- _WHAT THIS TASK INVOLVES_
Produce a word-for-word copy of the lines from the one that contains "02015852746" to the final line of the data below, with all pictures dropped.

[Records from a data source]
+===+

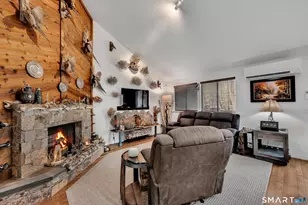 332 Ledge Dr, Torrington, CT 06790 - Photo 8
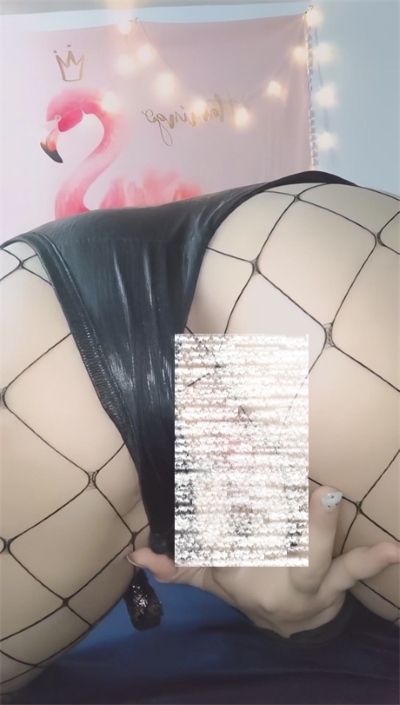 02015852746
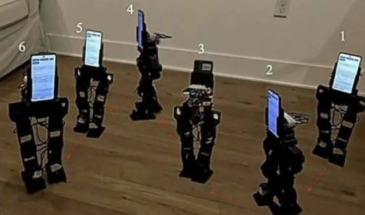 Робот PhoneBot использует старый смартфон на Android в качестве мозга и стоит всего $400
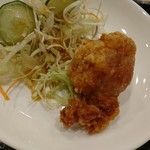 台湾料理 元祥 - 唐揚げと野菜。揚げたてではないかもだが、なかなか美味い唐揚げ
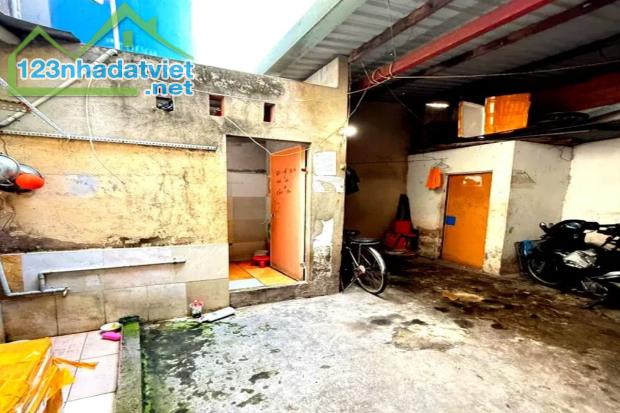 Bán nhà mặt tiền, Trần Tấn, Tân Phú, 5m x 19m, 121 m², cho thuê 8 PN - Giá 5.8 tỷ TL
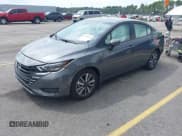 ✅ 2025 Nissan Versa SV • VIN: 3N1CN8EV5SL822223 • Лот: 43103632. Опубликован ранее на IAAI с пробегом 1 049 миль. Бесплатный доступ к архиву аукционных продаж из США и подробный отчёт об истории автомобиля на DreamBid. Изображение 17.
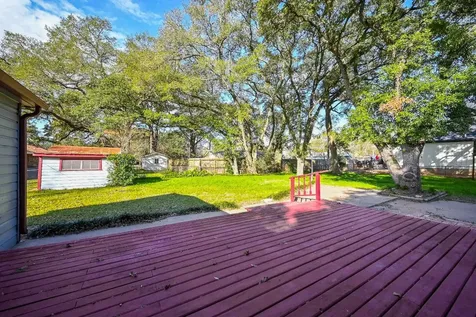 1707 Key Street Waller TX 77484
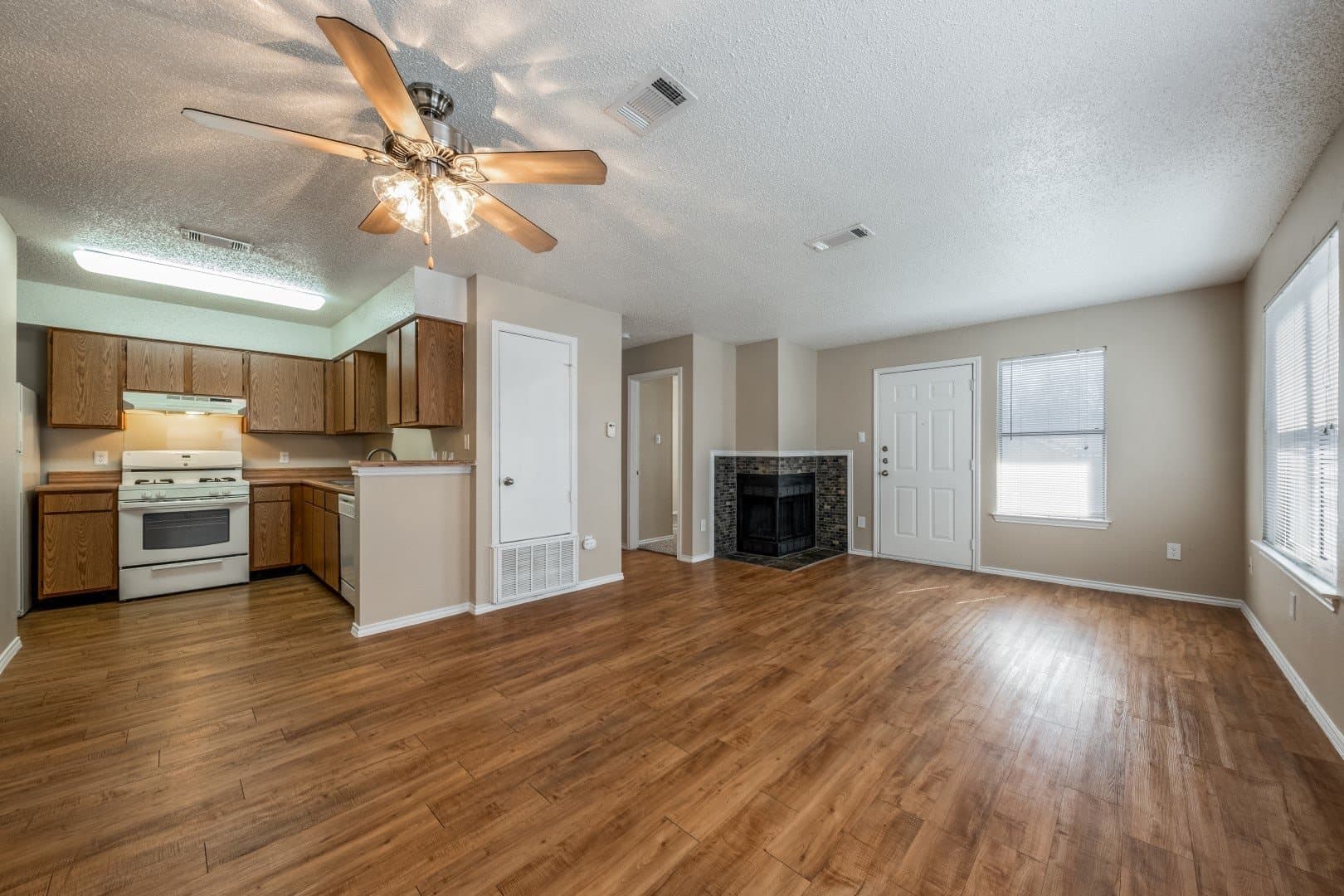 austin Multiplex: 6511 Melrose trail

+===+

- _ANSWER BOX_
 02015852746
 Робот PhoneBot использует старый смартфон на Android в качестве мозга и стоит всего $400
 台湾料理 元祥 - 唐揚げと野菜。揚げたてではないかもだが、なかなか美味い唐揚げ
 Bán nhà mặt tiền, Trần Tấn, Tân Phú, 5m x 19m, 121 m², cho thuê 8 PN - Giá 5.8 tỷ TL
 ✅ 2025 Nissan Versa SV • VIN: 3N1CN8EV5SL822223 • Лот: 43103632. Опубликован ранее на IAAI с пробегом 1 049 миль. Бесплатный доступ к архиву аукционных продаж из США и подробный отчёт об истории автомобиля на DreamBid. Изображение 17.
 1707 Key Street Waller TX 77484
 austin Multiplex: 6511 Melrose trail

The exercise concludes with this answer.